Movie Review: THE BEEKEEPER Starring Jason Statham, Emmy Raver-Lampman, Bobby Naderi
Fair warning: there is a very good chance I spent more time and thought in writing this review than Kurt Wimmer spent writing a plot for The Beekeeper. If that doesn’t deter your interest in seeing the movie, read on.
Listen, I get it. Jason Statham is popular because he’s good looking and is more than capable of being an action star. You’re not going to see a Jason Statham movie to think or feel any emotions, you’re going to see him beat the piss out of baddies.
And if that’s what you’re hoping for when you see The Beekeeper, then you may have a new favorite movie. That’s precisely what Statham delivers for roughly an hour and 45 minutes.
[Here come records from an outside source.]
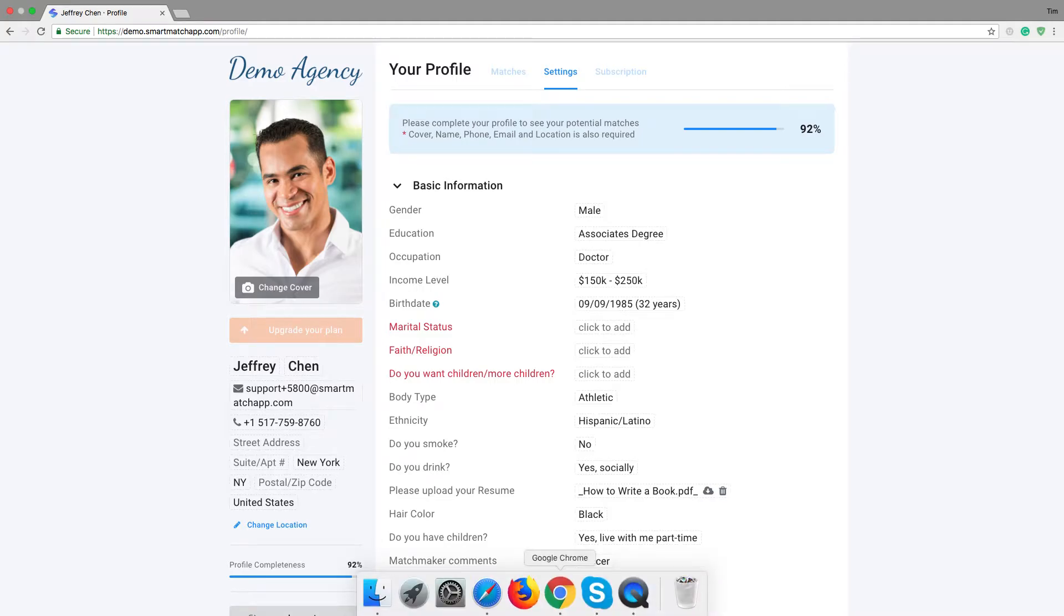Hi guys, this is Tim from Smart Matchup. Welcome back to our YouTube channel. Today I would like to show you the new game-changing feature. It's called Memberships.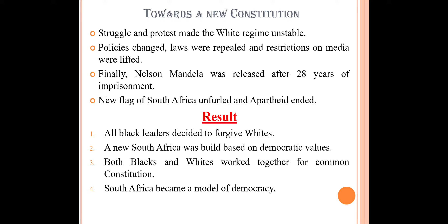But now people also needed to change their mindset. All the black leaders decided to forgive the whites for the atrocities they had committed while in power. They thought that someone had to be generous to bring peace to the country, so they decided to forgive the whites. They said that to build a new South Africa on the basis of equality, they had to move forward together.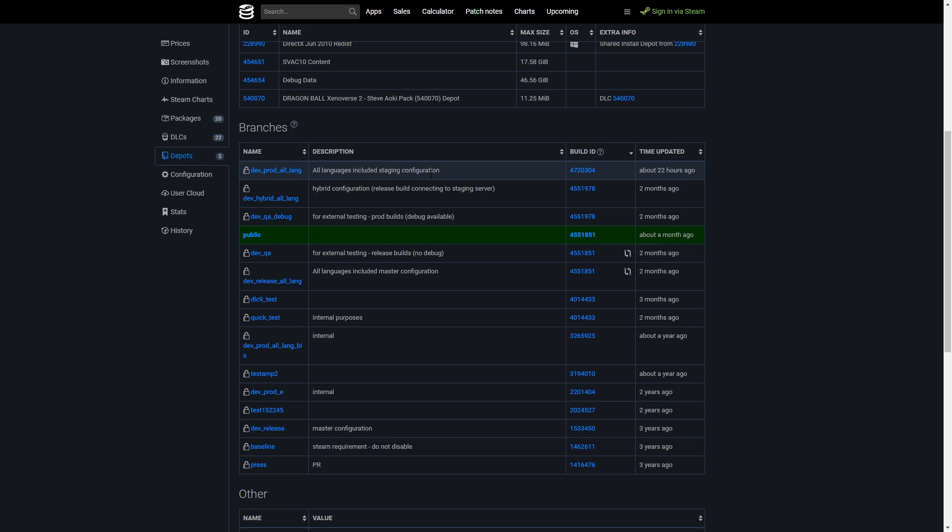Especially since the game is over three years old at this point. So let me know what you guys think about this though. What do you guys think about another update coming to Xenoverse 2?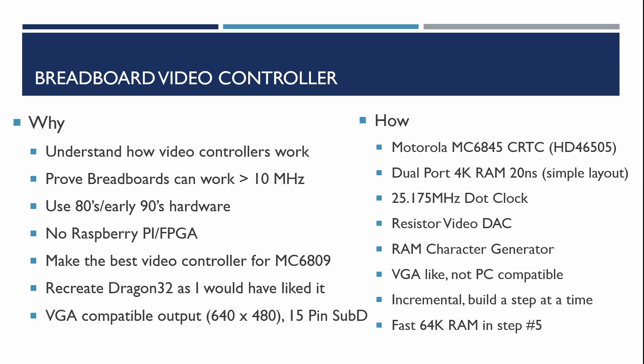It's going to be VGA compatible output using a Motorola 6845 compatible cathode ray tube controller chip, in fact we'll be using a Hitachi one. It uses dual port video RAM so this is RAM that has two lots of address lines and two lots of data lines that simplifies the layout of the early stages. We'll be using a VGA standard 25.175 megahertz dot clock with a fairly simple digital analog converter using a resistor array. Characters will be defined in RAM which will download from the PC over the serial port initially. This will produce VGA-like but not PC compatible output.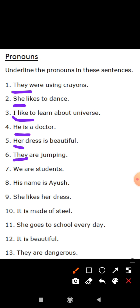'They are jumping.' 'We are students.' 'His name is Ayush.' 'She likes her dress.' These words — they, she, I, he, her, we, his, it — are all pronouns. 'She goes to school every day.' Like, Zoya goes to school every day — Zoya is the name of a girl, but we use 'she', so it is a pronoun, because a pronoun is a word we choose instead of a noun.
Critical thinking? Pfft. There is nothing in it that’ll make you think even once.
Human emotion? The only emotion you’re gonna feel is the POW! as Statham delivers fatal blows to endless human waves.
A plot? Get that weak stuff out of here. Ain’t nobody got time for that.
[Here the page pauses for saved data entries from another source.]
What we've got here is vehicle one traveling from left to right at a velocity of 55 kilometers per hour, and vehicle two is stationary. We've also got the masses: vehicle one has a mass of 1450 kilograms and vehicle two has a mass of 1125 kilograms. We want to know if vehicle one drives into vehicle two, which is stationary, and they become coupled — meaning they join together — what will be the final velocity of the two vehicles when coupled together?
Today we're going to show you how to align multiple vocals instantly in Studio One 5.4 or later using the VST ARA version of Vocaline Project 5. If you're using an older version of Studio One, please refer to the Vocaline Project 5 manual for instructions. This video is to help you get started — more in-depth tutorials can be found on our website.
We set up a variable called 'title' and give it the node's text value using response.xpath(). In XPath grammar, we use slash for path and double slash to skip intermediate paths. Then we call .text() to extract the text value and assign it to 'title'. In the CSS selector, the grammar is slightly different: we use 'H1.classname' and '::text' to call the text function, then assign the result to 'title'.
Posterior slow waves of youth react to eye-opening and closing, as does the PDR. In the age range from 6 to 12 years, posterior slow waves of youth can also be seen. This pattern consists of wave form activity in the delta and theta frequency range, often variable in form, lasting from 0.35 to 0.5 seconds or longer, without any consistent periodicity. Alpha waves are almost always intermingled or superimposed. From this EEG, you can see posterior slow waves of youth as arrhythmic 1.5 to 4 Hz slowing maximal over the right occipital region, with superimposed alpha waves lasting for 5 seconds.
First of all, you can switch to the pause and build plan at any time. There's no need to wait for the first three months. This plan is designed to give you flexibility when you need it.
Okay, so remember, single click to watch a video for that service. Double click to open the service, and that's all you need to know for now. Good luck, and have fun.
Given the complete absence of a storyline, it’s genuinely astonishing the amount of acting talent that director David Ayer managed to collect for the cast. Jeremy Irons, Phylicia Rashad, and Minnie Driver are all tremendously gifted actors with resumes that would stack against just about anyone, yet their talents are completely wasted. Rashad and Driver each have maybe three minutes of screentime, and while they aren’t terrible or anything, their impact is minimal. Irons is one of the primary antagonists, but his accent disappears and reappears more than that “friend” you have that isn’t really a friend but only shows up occasionally when they need money or a favor.
Statham is Statham. He plays to his strength, which is the same character in every movie: an English tough guy seeking vengeance who punches first and asks questions later while scowling and spitting out one-liners, yet has a surprising soft side that’s often displayed to humorous effect.
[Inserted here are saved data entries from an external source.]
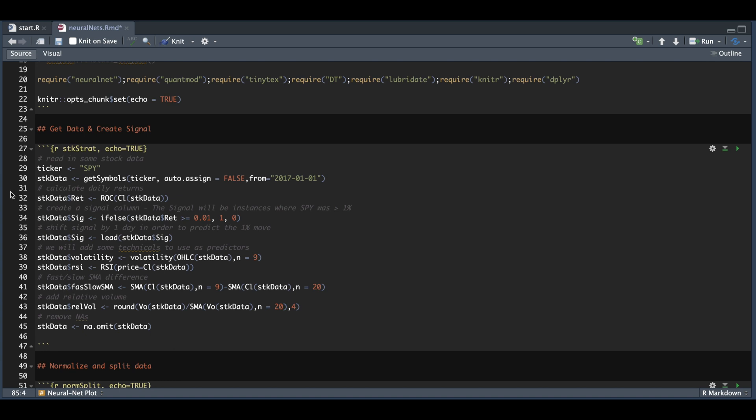I'm going to calculate daily returns. For the signal that I'm trying to predict are the days where this ETF closed above 1%. We're going to check and see if the neural nets can predict if this ETF will close above 1% the following day. After I add in my signal, I need to set it back one period so that we can forecast the actual day where we had that 1% move.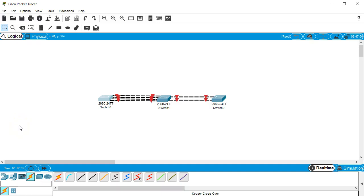All right, I have a couple of switches here and we are going to look at configuring EtherChannel to use LACP and PAGP.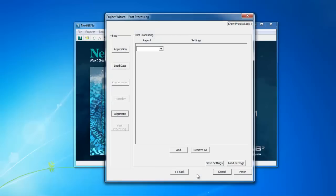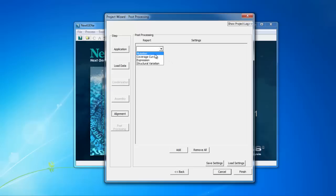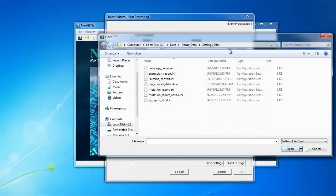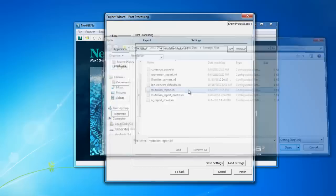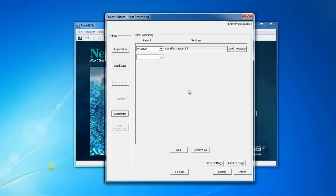The post processing step allows you to automatically save reports as part of the analysis. To automatically save a report, select it from the drop down menu, for instance the mutation report. For each report that is selected, you must also click Set to select a pre-saved settings file to define the options for saving the report. Once you've selected all the reports you'd like to include and loaded a settings file for each, click Finish.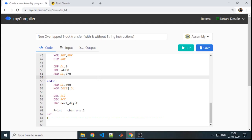Welcome students. Today we are going to start with block transfer. First we will see what a block means, and then we will see how to transfer data from one block to the other block.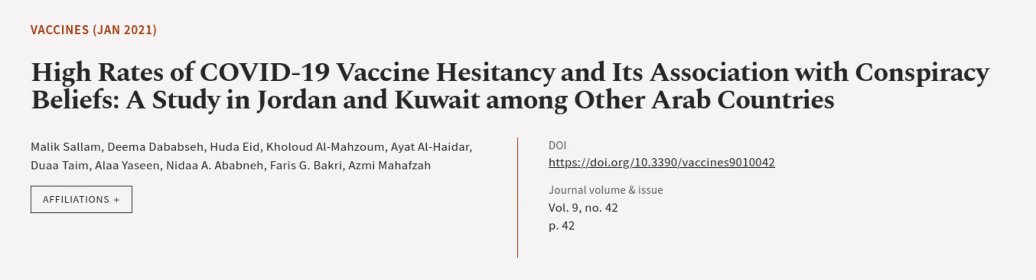Dima Dababza, Huda Eid, and others. We are article.tv, links in the description below.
This time, he’s playing Adam Clay, the eponymous beekeeper, an alleged black ops agent who’s so deadly and secretive all he has is a birth certificate and social security number, which is curious as he, again, speaks with a decidedly English accent and I’m fairly certain England uses national insurance numbers (although I guess it’s possible he became a naturalized American citizen, but that’s too much critical thinking for this film). When Elois Parker (Rashad), his neighbor and “the only person who ever took care of” him, falls victim to scam baiters and loses over $2 million, she takes her own life in anguish.
Thankfully, Clay is there to go all John Wick on the main bad guy, Derek Danforth (Josh Hutcherson), a young wealthy guy who somehow gets painted with every cliche stereotype of what a bad guy should be. The “plot” only serves as a vessel for Statham to kill bad guys, deliver one-liners, and walk/drive away from explosions that go off in the background. The story eventually just gets so absurd, they introduce some random one-legged South African (we know this because he speaks with a really thick accent and uses a South African racial slur) who somehow brings a bunch of his other gun-wielding bad guys to a party full of federal agents who most certainly wouldn’t permit them to be carrying weapons. And that’s honestly not even the most incomprehensible part of the movie.
But, Statham does kick ass. Lots of it. He doesn’t care whether you’re a bad guy or a federal agent trying to help the FBI agents charged with tracking him down. He’s so agile, he can dodge the gunfire of 20 Navy SEALs and Delta operatives, among the best and most accurate combat sharpshooters in the world, who are 15 feet away from him in the same room. Because he’s a beekeeper. And he’s taking care of the hive.
I’m gonna stop at this point, because I’m fairly certain nothing I’m writing is going to persuade you/dissuade you. I’ll end with this. The Beekeeper is not an A5 wagyu. Don’t go into the theater expecting a cinematic masterpiece, and you won’t be disappointed. Rather, it’s more like a McDouble. If you’re craving it, it’ll hit the spot, and if you’re dying of starvation, it’ll at least keep you alive for the time being, but there are far better options available. Ayer has actually made some terrific movies in the past (he wrote and produced Training Day and wrote and directed End of Watch), but this doesn’t come close.
And if you’re actually interested in seeing some justice being laid out on scam baiters (although with a little less punchy punchy stabby stabby), check out guys like Scammer Payback or Jim Browning on Youtube. The call centers, while highly romanticized in the film, do exist in various forms, albeit almost always in foreign countries, typically worked by low-wage scammers.